US 11,705,103 B2
	Audio system and signal processing method of voice activity detection for an ear mountable playback device
Peter McCutcheon, Premstätten (AT); and Dylan Morgan, Premstätten (AT)
Assigned to AMS AG, Premstätten (AT)
Appl. No. 17/440,984
Filed by ams AG, Premstätten (AT)
PCT Filed Mar. 17, 2020, PCT No. PCT/EP2020/057286 § 371(c)(1), (2) Date Sep. 20, 2021, PCT Pub. No. WO2020/193286, PCT Pub. Date Oct. 1, 2020.
Claims priority of application No. 19164680 (EP), filed on Mar. 22, 2019; and application No. 19187045 (EP), filed on Jul. 18, 2019.
Prior Publication US 2022/0165245 A1, May 26, 2022
Int. Cl. G10K 11/178 (2006.01); G10L 25/78 (2013.01)
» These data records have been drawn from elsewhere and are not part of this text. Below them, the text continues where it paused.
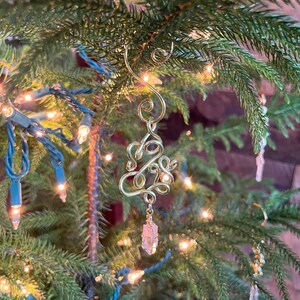 Op de afbeelding: Een gouden draad kerstboom ornament met een roze kristal dat eronder hangt.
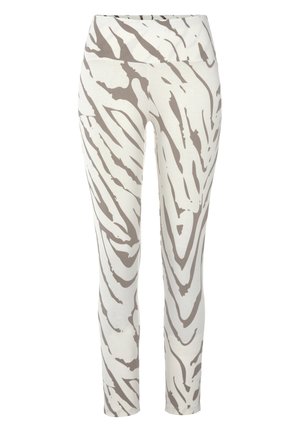 Leggings realizzati in morbido tessuto, con una base bianca e audaci strisce di zebra marroni ondulate, vita alta e una texture liscia.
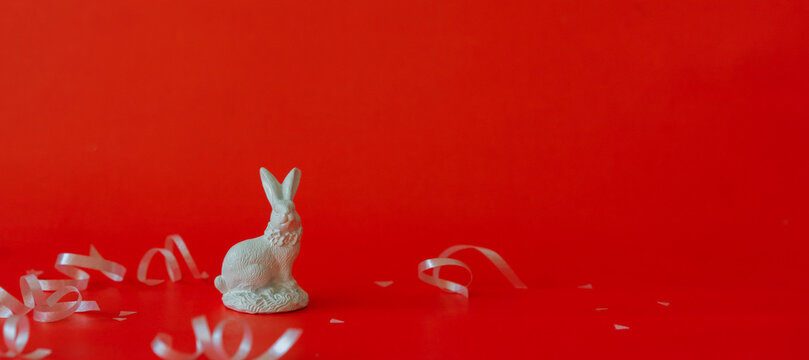 close up white rabbit model on red background with rolling ribbon and copy space for chinese happy new year celebrate 2023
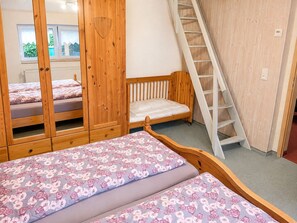 A bedroom with a bed, a wardrobe, a window, and a ladder.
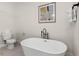 Bathroom featuring white freestanding tub and toilet at 121 E Warren Ave # 4, Tampa, FL 33602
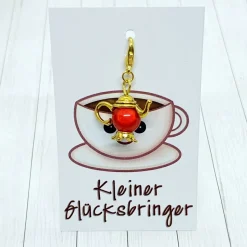 Glücksbringer Kanne goldfarben / rot – Charm für Tee- & Kaffee-Liebhaber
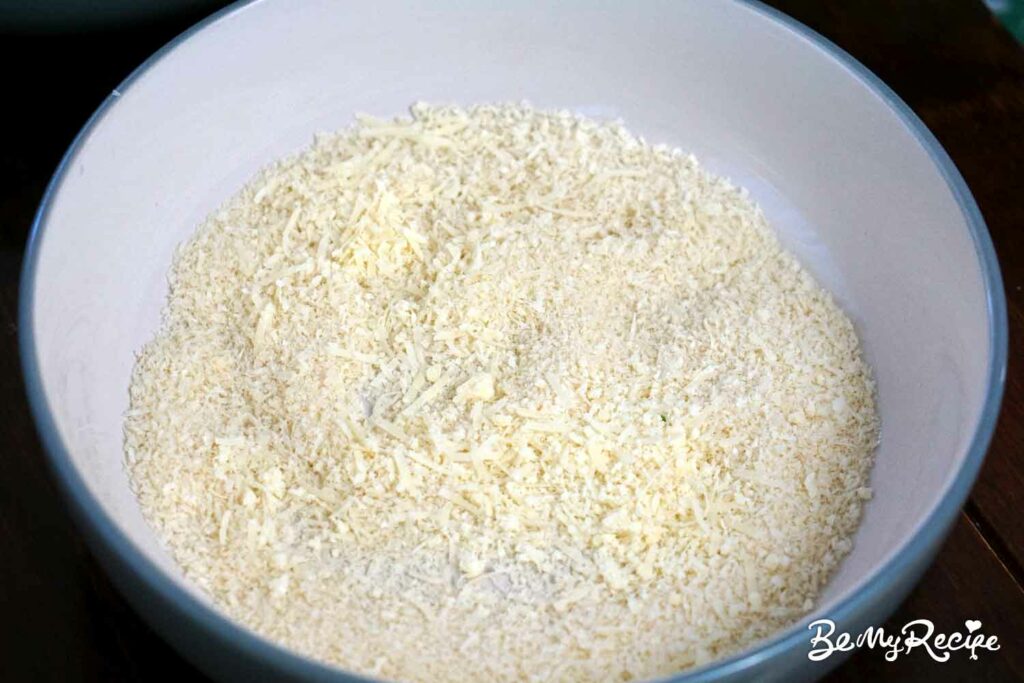 Adding parmesan to the breadcrumbs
CPC G10K 11/1783 (2018.01) [G10K 11/17823 (2018.01); G10K 11/17825 (2018.01); G10K 11/17854 (2018.01); G10K 11/17881 (2018.01); G10L 25/78 (2013.01); G10K 2210/1081 (2013.01); G10K 2210/3026 (2013.01); G10K 2210/3027 (2013.01); G10K 2210/3028 (2013.01); G10K 2210/3044 (2013.01); G10L 2025/783 (2013.01)]

9 Claims

1. A signal processing method of voice activity detection for an ear mountable playback device comprising a speaker, an error microphone predominantly sensing sound being output from the speaker and also sensing ambient sound, and a feed-forward microphone predominantly sensing ambient sound, the method comprising the steps of:

using a voice activity detector:

recording a feed-forward signal from the feed-forward microphone,

recording an error signal from the error microphone,

determining at least one detection parameter as a function of the feed-forward signal and the error signal, and

monitoring the at least one detection parameter and setting a voice activity state depending on the at least one detection parameter; and further, using an adaptive noise cancellation controller coupled to the feed-forward microphone and to the error microphone:

performing noise cancellation processing depending on the feed-forward signal and/or the error signal, and by using a filter coupled to the feed-forward microphone and to the speaker, having a filter transfer function determined by the noise cancellation processing, wherein the detection parameter:

is based on a ratio of the feed-forward signal and the error signal,

the method comprising the further steps, using the voice activity detector:

monitoring a sound signal played from the device, and

determining one of the following voice activity states: false, true, or likely,

the voice activity state equals true indicates voice detected, and

the voice activity state equals false indicates voice not detected, the method comprising the further steps, using the voice activity detector:

controlling the adaptive noise cancellation controller depending on the voice activity state, the method being characterized by further comprising the steps of:

using the voice activity detector entering either a first mode of operation or a second mode of operation, respectively, when the detection parameter is larger than a first threshold or smaller than the first threshold,

in the first mode of operation, analyzing a phase difference between the feed-forward signal and the error signal and

setting the voice activity state depending on the analyzed phase difference, in the second mode of operation:

analyzing a level of tonality of the error signal and

setting the voice activity state depending on the analyzed level of tonality, the method comprising the further steps, using the voice activity detector:

determining whether or not the sound signal is active, and if the sound signal is active entering in a fourth mode of operation, wherein:

using the voice activity detector, the second mode operation is entered if the detection parameter is smaller than the first threshold, and

if the detection parameter exceeds the first threshold, a combined first and second mode of operation is entered, the combined first and second mode of operation comprising, using the voice activity detector, setting the voice activity state depending on both the analyzed phase difference and level of tonality.